From the records below, set down exactly the lines starting with the line that contains "Logistikzentrum Wildberries in" and going on through the line that contains "Θεμελιώδεις αρχές του". Nothing else is wanted.

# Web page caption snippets
□ □ □ □ □
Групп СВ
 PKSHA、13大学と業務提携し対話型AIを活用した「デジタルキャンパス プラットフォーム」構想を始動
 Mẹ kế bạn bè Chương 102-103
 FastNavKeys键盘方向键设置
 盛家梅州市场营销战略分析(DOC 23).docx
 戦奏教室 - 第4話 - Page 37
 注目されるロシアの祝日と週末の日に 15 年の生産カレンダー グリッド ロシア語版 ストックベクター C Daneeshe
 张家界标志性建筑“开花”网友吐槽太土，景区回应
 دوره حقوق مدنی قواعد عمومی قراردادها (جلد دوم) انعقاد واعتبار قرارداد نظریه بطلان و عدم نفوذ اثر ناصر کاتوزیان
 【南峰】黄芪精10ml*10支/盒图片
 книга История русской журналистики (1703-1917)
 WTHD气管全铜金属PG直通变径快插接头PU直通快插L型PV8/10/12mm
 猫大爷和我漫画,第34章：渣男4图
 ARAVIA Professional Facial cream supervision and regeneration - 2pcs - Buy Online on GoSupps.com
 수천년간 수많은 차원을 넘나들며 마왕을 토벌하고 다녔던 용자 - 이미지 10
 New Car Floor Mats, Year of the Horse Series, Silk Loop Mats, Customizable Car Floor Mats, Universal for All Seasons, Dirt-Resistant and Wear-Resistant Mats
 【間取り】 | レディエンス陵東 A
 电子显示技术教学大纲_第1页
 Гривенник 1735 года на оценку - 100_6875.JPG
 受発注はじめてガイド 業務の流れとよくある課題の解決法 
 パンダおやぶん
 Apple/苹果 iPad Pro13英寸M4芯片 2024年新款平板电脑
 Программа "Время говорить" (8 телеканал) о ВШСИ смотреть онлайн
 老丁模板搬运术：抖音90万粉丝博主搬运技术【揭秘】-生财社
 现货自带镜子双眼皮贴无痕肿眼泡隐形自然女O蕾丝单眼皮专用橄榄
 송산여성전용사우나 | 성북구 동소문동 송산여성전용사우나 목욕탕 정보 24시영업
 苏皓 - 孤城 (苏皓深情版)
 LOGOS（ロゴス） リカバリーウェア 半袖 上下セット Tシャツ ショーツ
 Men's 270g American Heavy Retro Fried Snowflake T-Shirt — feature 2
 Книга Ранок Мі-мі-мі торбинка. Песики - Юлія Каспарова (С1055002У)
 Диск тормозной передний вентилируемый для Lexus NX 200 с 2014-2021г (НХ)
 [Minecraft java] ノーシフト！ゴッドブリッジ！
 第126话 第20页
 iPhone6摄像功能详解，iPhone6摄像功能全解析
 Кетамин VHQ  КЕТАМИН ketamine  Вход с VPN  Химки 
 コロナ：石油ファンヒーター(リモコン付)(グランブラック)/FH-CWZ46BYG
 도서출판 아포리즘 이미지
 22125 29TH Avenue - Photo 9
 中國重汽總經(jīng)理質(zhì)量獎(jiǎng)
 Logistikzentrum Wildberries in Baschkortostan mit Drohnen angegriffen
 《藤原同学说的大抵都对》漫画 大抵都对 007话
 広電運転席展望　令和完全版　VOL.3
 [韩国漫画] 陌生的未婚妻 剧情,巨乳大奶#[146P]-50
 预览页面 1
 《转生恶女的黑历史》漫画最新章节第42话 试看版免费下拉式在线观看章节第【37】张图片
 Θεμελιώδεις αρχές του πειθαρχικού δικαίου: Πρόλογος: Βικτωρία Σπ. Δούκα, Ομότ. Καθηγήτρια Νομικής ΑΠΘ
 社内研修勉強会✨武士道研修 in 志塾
□ □ □ □ □
# Task result
 Logistikzentrum Wildberries in Baschkortostan mit Drohnen angegriffen
 《藤原同学说的大抵都对》漫画 大抵都对 007话
 広電運転席展望　令和完全版　VOL.3
 [韩国漫画] 陌生的未婚妻 剧情,巨乳大奶#[146P]-50
 预览页面 1
 《转生恶女的黑历史》漫画最新章节第42话 试看版免费下拉式在线观看章节第【37】张图片
 Θεμελιώδεις αρχές του πειθαρχικού δικαίου: Πρόλογος: Βικτωρία Σπ. Δούκα, Ομότ. Καθηγήτρια Νομικής ΑΠΘ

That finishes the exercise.